The Labor Department may report in two days that the economy lost 535,000 jobs in January and the unemployment rate jumped to a 16-year high of 7.5 percent, according to median forecasts in a Bloomberg News survey. The U.S. lost almost 2.6 million jobs in 2008, the most since 1945.
The ADP report was also forecast to show a decline of 535,000 jobs, according to the median estimate of 23 economists in a Bloomberg News survey. Projections ranged from decreases of 487,000 to 720,000.
ADP includes only private employment and does not take into account hiring by government agencies. Macroeconomic Advisers LLC in St. Louis produces the report jointly with ADP.

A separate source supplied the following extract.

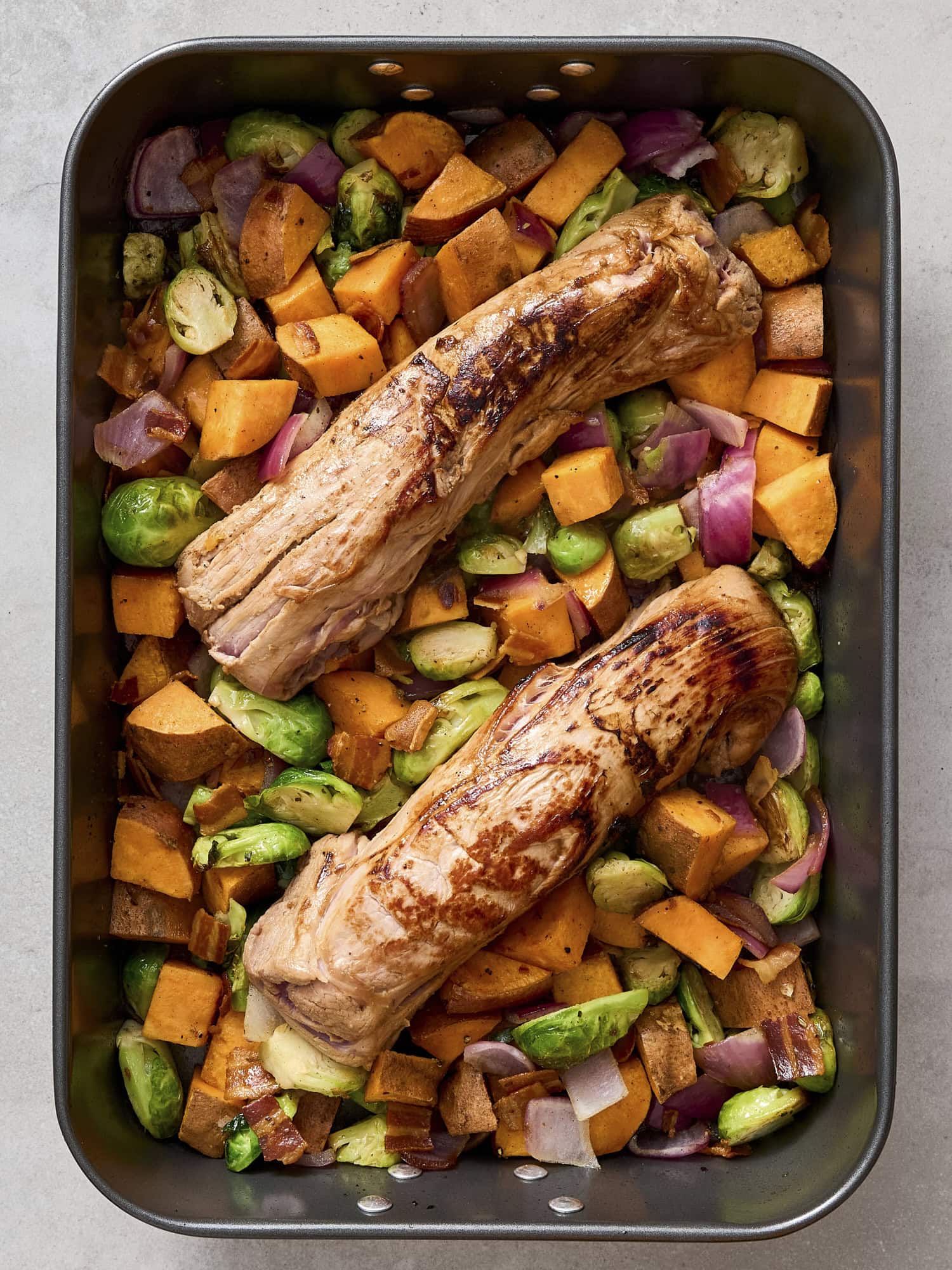 Pork tenderloins nestled on top of roasted vegetables in pan.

Job cuts announced by U.S. employers more than tripled in January from a year earlier, led by planned cutbacks at retailers following the worst holiday-shopping season in four decades, the Chicago-based placement firm Challenger, Gray & Christmas Inc. said today. Firing announcements rose 222 percent last month from January 2008, to 241,749. It was the largest total since January 2002, when job cuts reached a record of 248,475, Challenger said.
Today’s report showed a reduction of 243,000 workers in goods-producing industries including manufacturers and construction companies. Service providers cut 279,000 workers. Employment in construction dropped by 83,000.
Companies employing more than 499 workers shrank their workforces by 92,000 jobs. Medium-sized businesses, with 50 to 499 employees, cut 255,000 jobs and small companies decreased payrolls by 175,000.
Businesses continue to announce firings. Rockwell Collins Inc., an aircraft-parts producer, yesterday said it will eliminate 600 positions in coming weeks, and PNC Financial Services Group Inc. said it plans to cut 5,800 jobs by 2011.
The ADP report is based on data from 400,000 businesses with about 24 million workers on payrolls.
ADP began keeping records in January 2001 and started publishing its numbers in 2006.